Arriving at the restaurant was all part of the charm. When entering the (normal-looking) lift and pressing the button for the lower floor, suddenly the lights dim, Middle Eastern music plays and a hitherto unseen panel in the wall is lit to show a collection of Turkish objects. Atmosphere plus!
This is a high-end restaurant. Very high end. When we popped down on Thursday night to make a reservation for Friday, my jeans and shopping bags (come on, I was in Melbourne!) were eyed somewhat haughtily by the maitre d’. However, when we returned the next evening dolled up to the nines (velvet and satin, no denim to be seen!) we were welcomed with much more alacrity.
The decor is unmistakably middle eastern, with plush chairs, carved wooden chests and gorgeous little lamps on each table, completely overshadowed by the rivers of sparkling crystals over the lights on the ceiling. Wow.
We had told them in advance that I required gluten-free food, and the waiting staff did their best to accommodate this, unfortunately, mostly by leaving things out rather than substituting something else.

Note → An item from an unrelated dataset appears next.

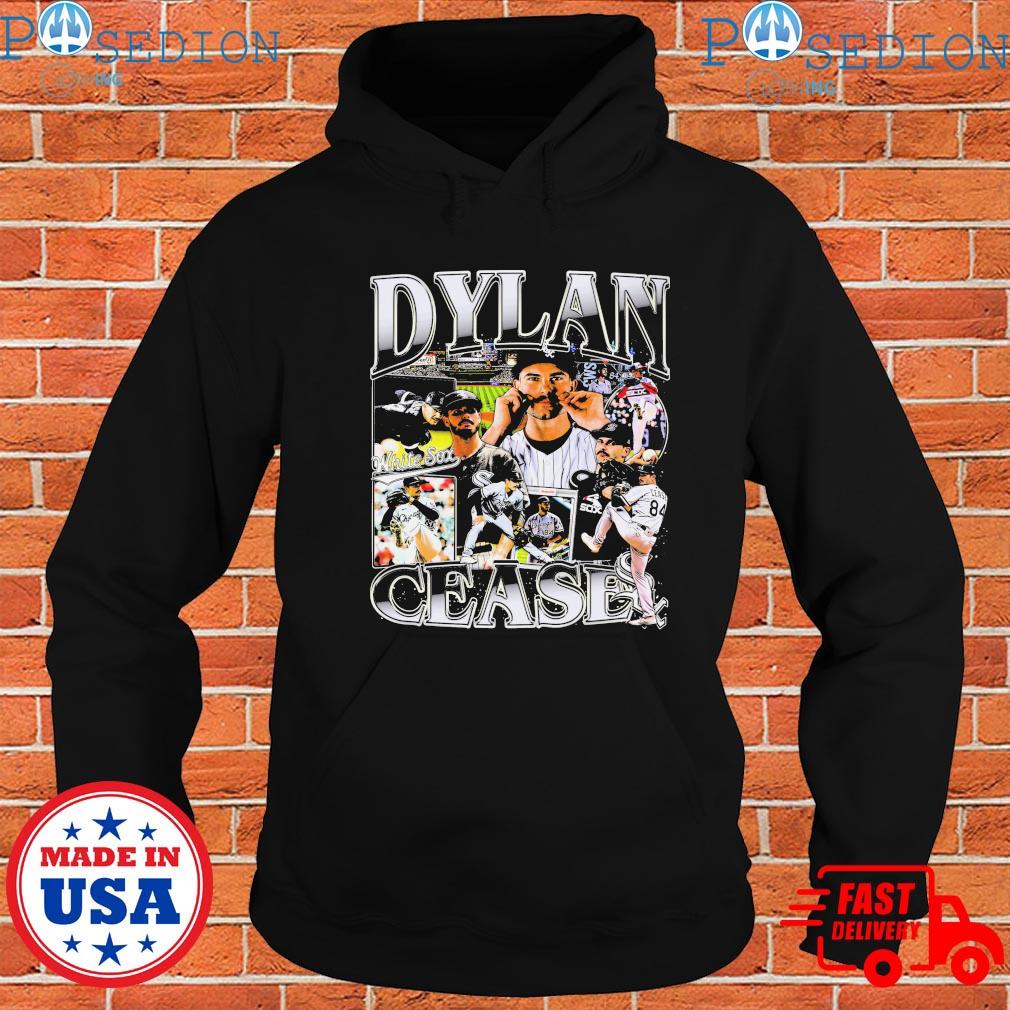 Official chicago White Sox Dylan Cease T-Shirts, hoodie, tank top, sweater  and long sleeve t-shirt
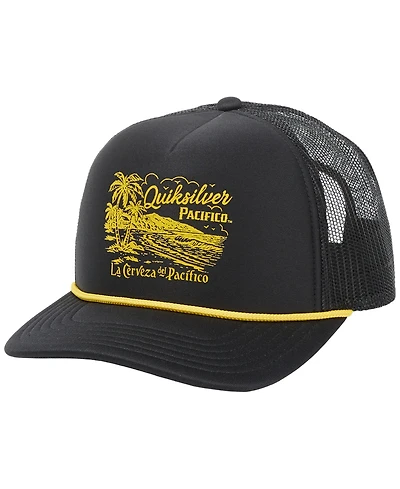 Quiksilver Pacifico Coastal Paradise Trucker Hat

We started with a “traditional” starter, puffy flatbread (not for me), vegetable sticks with an oil and pomegranate molasses dipping sauce. This was a visually appealing and tasty entree, but we were eager to move on to the “real” food. The drinks list has all the usuals, plus some interesting “fusion” drinks to get people into the mood. I tried a Turkish Delight Martini, which was lovely.
The menu at MoMo on weekends are set, but you can choose amongst the entrees and mains to share. The entrees we chose were a mussel and prawn pilaki cooked in parchment, and the special, a half yabbie with spices. These were lovely. The pilaki was a diced vegetable stew strewn with the seafood, and the yabbie was tasty and well-cooked.
Our mains consisted of the marinated roasted lamb with spanikopita and honey-cardamom duck with lentils. My substitute for the spanikopita was cooked spinach, which was well-seasoned. The lamb and duck both tasted amazing, succulent and complex, and neither of us could choose which had been the best meat dish. The sides we chose were a delicious creamed feta spinach (deluxe!) and tomato salad with shankleesh. I don’t know where they bought their tomatoes but they were intensely flavoured.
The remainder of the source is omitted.